I smoked up over 30 pounds a boneless pork loin. Tastey stuff. I got it all sliced taday, mosta it thin fer sammies, some thicker fer breakfest an all them little leftover bits an pieces don't gota waste. I pack them up an add em ta a nice cheddar cheese soup!

So here it all be:



When yer slicin that much stuff, the commercial slicer be a bitta heaven!


----------



## bacpacker (Jul 15, 2011)

What time is supper Coot? That looks nice!


----------



## Sentry18 (Aug 5, 2012)

You're killing me Coot. You're killing me.


----------



## 21601mom (Jan 15, 2013)

I'll second Sentry's comment!

I've been looking at food slicers and wonder what size of blade is on your slicer. A 7" from Chef's Choice has been well-reviewed and is within my budget, but I want to be sure that will be big enough for a 8-10 lb roast. Thanks in advance for your thoughts!


----------



## OldCootHillbilly (Jul 9, 2010)

I gotta 60 plus year old commercial slicer. It's gotta 10 inch blade on it. I ain't never had no luck with the smaller home models. Sorry, I can't recommend one ta ya. Folks on the smokin forum I belong ta don't seem ta have great luck with em either.

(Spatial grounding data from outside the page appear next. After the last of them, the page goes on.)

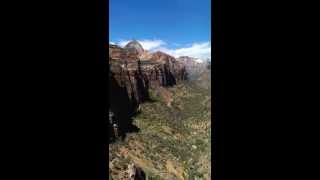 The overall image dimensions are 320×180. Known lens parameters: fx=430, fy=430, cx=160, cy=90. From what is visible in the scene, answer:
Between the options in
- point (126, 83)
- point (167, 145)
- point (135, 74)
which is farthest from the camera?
point (135, 74)

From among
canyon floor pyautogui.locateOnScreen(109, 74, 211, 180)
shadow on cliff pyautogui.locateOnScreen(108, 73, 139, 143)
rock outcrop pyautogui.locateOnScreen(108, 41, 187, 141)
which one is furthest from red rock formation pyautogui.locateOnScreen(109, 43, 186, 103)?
canyon floor pyautogui.locateOnScreen(109, 74, 211, 180)

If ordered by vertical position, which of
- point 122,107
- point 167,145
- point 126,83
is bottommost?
point 167,145

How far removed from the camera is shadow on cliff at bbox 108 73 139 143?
2672 inches

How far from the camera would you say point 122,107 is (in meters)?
74.4

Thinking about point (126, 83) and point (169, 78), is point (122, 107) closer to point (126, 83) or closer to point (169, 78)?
point (126, 83)

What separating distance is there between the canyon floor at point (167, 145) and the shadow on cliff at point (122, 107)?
1474 millimetres

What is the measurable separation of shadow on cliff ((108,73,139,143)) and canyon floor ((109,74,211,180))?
1474 millimetres

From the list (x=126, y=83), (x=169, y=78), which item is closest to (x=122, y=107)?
(x=126, y=83)

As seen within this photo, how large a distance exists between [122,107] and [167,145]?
46.7 feet

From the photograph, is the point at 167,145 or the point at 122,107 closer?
the point at 167,145

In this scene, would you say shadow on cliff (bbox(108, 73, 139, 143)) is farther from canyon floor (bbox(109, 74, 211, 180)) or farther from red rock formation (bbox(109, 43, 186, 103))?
canyon floor (bbox(109, 74, 211, 180)) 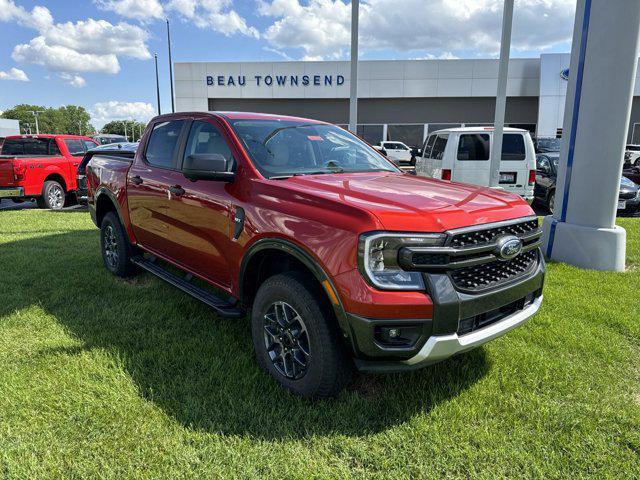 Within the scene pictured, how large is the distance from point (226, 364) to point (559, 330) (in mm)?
2750

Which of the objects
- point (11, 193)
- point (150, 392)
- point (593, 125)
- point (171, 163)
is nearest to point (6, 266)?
point (171, 163)

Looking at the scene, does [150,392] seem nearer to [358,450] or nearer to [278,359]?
[278,359]

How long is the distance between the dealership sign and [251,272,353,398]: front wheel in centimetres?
3021

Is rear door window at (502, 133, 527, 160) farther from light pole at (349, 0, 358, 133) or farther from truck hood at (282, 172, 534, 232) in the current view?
truck hood at (282, 172, 534, 232)

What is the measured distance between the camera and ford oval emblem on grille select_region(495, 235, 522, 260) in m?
2.64

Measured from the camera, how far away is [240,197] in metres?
3.22

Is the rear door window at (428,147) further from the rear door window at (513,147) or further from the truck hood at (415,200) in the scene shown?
the truck hood at (415,200)

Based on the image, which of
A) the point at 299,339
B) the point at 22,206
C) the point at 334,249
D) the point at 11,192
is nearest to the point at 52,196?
the point at 11,192

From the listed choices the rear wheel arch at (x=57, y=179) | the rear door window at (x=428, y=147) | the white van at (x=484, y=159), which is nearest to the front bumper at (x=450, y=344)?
the white van at (x=484, y=159)

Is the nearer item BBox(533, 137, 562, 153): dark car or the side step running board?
the side step running board

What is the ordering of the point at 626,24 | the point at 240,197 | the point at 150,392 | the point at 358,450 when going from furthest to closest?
the point at 626,24
the point at 240,197
the point at 150,392
the point at 358,450

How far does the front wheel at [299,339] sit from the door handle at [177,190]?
1.34 m

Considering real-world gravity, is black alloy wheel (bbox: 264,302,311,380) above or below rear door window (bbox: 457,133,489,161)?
below

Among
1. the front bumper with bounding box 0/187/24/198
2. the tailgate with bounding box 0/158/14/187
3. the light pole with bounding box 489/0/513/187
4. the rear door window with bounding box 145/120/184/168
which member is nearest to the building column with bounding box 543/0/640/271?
the light pole with bounding box 489/0/513/187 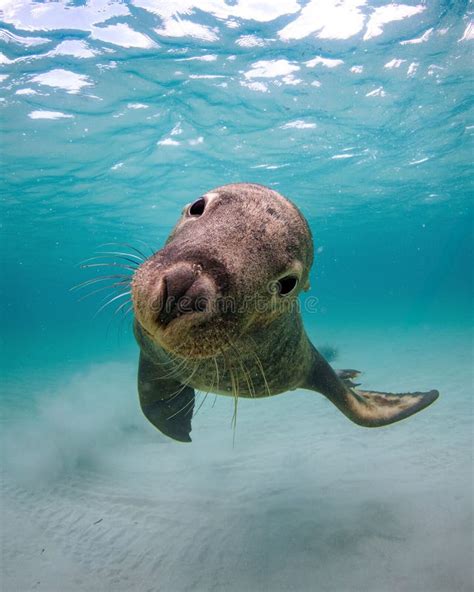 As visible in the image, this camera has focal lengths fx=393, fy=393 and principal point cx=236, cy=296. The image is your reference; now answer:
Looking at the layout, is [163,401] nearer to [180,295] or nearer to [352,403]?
[352,403]

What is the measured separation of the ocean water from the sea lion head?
11.1 ft

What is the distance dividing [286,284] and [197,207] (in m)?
0.79

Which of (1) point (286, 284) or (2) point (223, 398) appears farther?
(2) point (223, 398)

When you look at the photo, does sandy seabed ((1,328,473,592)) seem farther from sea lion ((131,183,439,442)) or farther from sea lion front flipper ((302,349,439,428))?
sea lion ((131,183,439,442))

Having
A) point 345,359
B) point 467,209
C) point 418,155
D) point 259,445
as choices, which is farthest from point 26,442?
point 467,209

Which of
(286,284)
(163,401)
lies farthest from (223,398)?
(286,284)

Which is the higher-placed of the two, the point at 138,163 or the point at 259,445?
the point at 138,163

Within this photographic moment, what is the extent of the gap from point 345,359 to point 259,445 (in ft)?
35.3

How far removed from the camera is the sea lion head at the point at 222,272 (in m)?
1.70

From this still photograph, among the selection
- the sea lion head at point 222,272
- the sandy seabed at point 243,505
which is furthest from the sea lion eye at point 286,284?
→ the sandy seabed at point 243,505

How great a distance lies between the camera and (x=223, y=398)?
12797mm

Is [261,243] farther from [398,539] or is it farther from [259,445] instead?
[259,445]

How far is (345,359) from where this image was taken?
17844mm

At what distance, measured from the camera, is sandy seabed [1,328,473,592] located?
4152 millimetres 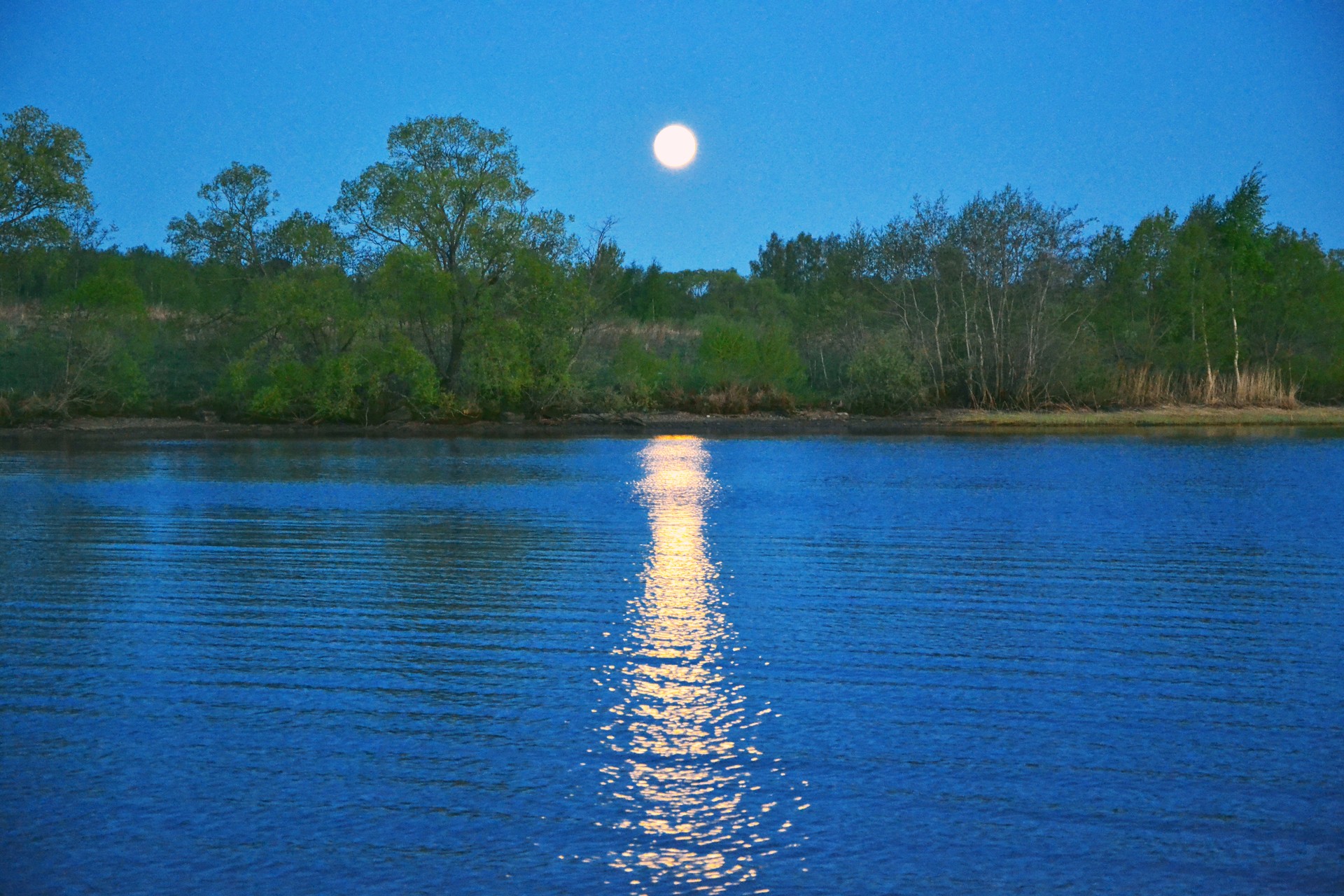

Shop round a bit, sometimes ya can pick up a older commercial unit fer just a bit more en the home models. Good luck.


----------



## 21601mom (Jan 15, 2013)

OldCootHillbilly said:


> I gotta 60 plus year old commercial slicer. It's gotta 10 inch blade on it. I ain't never had no luck with the smaller home models. Sorry, I can't recommend one ta ya. Folks on the smokin forum I belong ta don't seem ta have great luck with em either.
> 
> Shop round a bit, sometimes ya can pick up a older commercial unit fer just a bit more en the home models. Good luck.


Thanks so much for the advise!!

Your advise (spring 2013) on the dehydrator and jar seals was so helpful; I've been running my dehydrator every weekend since spring time! Most of this is stored, but my family can't keep their hands off the jerky. I'm sure they would thank you too!


----------



## OldCootHillbilly (Jul 9, 2010)

Glad ta hep whenever I can.


----------



## timmie (Jan 14, 2012)

OldCootHillbilly said:


> I smoked up over 30 pounds a boneless pork loin. Tastey stuff. I got it all sliced taday, mosta it thin fer sammies, some thicker fer breakfest an all them little leftover bits an pieces don't gota waste. I pack them up an add em ta a nice cheddar cheese soup!
> 
> So here it all be:
> 
> ...


so are you canning or freezing?


----------



## OldCootHillbilly (Jul 9, 2010)

Freeze. Be fer lunch's an breakfest. Ifin I can pork I smoke some butts then can. Next batch I do I'll post it up.


----------